A partire dalla metà degli anni settanta, Morin inizia a lavorare a quella che sarà la sua scommessa intellettuale più ambiziosa, vale a dire i sei volumi che costituiscono Il Metodo, un lavoro in divenire più volte riorganizzato nel corso del tempo inglobando ambiti e prospettive diverse, come attestano i titoli dei singoli tomi: La natura della natura (1977), La vita della vita (1980), La conoscenza della conoscenza (1986), Le idee (1991), L’identità umana (2001), Etica (2004).

Un pensiero dialogico

In questo vasto progetto, a poco a poco egli ha tracciato i contorni di un pensiero interdisciplinare capace di far dialogare tra loro ambiti diversi, dato che, «per affrontare la complessità del reale, non si può semplicemente giustapporre diversi frammenti di conoscenza, occorre invece trovare il modo per farli interagire». Per il filosofo della complessità, solo affrontando le contraddizioni del pensiero, solo facendo dialogare la razionalità e le passioni, solo sottoponendo la conoscenza stessa al vaglio della critica, diventa possibile sottrarsi al pensiero binario dominante e muoversi verso un modello di sapere aperto e critico, un sapere come un organismo vivo in costante movimento e sempre pronto alla metamorfosi. Osservatore attento del mondo in cui viveva, Morin era un uomo di dialogo, convinto che il confronto valesse più dell’invettiva e dello scontro, come dimostra uno dei suoi ultimi libri, Au péril des idées, in cui, pur non rinunciando alle sue posizioni laiche, accettò di confrontarsi con il controverso studioso dell’islam Tariq Ramadan.

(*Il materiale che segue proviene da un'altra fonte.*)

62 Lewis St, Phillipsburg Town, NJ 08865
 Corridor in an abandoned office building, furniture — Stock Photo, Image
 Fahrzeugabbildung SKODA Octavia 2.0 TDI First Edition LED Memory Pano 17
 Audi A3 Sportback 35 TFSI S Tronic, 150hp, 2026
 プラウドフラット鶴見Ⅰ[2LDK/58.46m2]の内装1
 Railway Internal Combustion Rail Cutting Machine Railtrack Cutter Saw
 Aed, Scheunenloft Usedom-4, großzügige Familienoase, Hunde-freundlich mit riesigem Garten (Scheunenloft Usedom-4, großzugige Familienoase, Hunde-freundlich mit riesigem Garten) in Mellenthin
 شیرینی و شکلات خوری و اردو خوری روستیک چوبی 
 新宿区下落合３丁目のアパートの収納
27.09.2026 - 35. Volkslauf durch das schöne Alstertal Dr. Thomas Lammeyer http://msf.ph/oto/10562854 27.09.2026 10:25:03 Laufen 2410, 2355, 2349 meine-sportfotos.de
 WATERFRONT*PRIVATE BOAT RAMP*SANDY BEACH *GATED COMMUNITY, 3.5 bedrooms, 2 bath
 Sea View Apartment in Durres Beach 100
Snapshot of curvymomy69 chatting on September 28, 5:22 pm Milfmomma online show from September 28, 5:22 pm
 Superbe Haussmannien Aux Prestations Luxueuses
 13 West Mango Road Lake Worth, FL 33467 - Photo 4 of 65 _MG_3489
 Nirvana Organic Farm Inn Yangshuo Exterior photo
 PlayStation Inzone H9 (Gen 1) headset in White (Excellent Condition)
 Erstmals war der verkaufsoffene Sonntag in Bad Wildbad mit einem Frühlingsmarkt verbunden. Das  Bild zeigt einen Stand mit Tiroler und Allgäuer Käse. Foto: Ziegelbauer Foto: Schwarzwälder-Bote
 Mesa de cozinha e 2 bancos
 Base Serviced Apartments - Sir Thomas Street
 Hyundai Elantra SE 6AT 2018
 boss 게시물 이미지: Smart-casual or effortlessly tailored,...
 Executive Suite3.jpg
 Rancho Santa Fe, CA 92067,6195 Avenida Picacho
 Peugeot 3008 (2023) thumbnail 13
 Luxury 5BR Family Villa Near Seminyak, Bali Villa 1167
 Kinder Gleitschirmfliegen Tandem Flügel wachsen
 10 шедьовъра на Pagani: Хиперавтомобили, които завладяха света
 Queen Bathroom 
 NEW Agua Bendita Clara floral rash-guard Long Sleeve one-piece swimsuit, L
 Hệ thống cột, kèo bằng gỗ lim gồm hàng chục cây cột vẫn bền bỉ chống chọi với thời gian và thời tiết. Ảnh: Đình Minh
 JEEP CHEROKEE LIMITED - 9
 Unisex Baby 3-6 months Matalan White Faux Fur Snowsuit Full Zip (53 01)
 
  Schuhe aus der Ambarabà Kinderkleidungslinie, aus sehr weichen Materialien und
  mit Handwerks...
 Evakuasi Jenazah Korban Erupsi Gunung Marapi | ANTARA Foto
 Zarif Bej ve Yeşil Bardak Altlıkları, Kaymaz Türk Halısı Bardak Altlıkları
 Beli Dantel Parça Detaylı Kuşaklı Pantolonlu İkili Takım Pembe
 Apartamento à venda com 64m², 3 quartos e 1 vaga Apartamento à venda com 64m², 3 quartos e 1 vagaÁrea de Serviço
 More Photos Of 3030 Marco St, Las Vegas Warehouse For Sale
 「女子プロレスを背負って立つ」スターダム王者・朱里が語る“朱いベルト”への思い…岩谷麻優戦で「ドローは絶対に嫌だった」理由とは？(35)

In particolare, l’autore del Metodo era molto attento al divenire delle nuove generazioni, motivo per cui considerava l’istruzione uno snodo fondamentale della nostra società. Proprio alla necessità di rinnovare la scuola e la pedagogia, nel 1999 dedicò due libretti che ebbero molto successo: La testa ben fatta e I sette saperi necessari all’educazione del futuro, in cui difendeva una radicale riforma dell’insegnamento che andasse di pari passo con una riforma del pensiero, dato che solo così sarebbe stato possibile trasmettere ai più giovani una cultura in grado di aiutarli a «comprendere la nostra condizione» e ad affrontare «le incertezze del futuro».

 

 

Le ultime opere

Sensibile alle preoccupazioni dell’ecologia e ostile alla dittatura delle tecnoscienze, in opere come Terra-Patria (1993) e La via (2011) si era detto convinto che per «salvare il futuro dell’umanità» fosse necessaria una trasformazione globale della società, sottraendola al dominio di un’economia senza limiti e senza regole. Un obiettivo difficile ma in cui credeva, tanto che, pur di fronte a un orizzonte sempre più cupo, continuava a dimostrarsi ragionevolmente ottimista, come ci aveva detto una volta in un’intervista: «Ciò che si profila come probabile – vale dire la crisi generalizzata ecologica, economica, politica e sociale del mondo in cui viviamo – mi spinge ad essere pessimista. L’improbabile è però sempre possibile. Quindi resto ottimista e continuo a credere che occorra trovare una strada per evitare di finire nel baratro.» Proprio questo invito – ribadito anche insieme Stéphane Hessel in un libro scritto a quattro mani intitolato Il cammino della speranza (2011) – è il lascito prezioso che Morin lascia ai suoi numerosissimi lettori in tutto il mondo.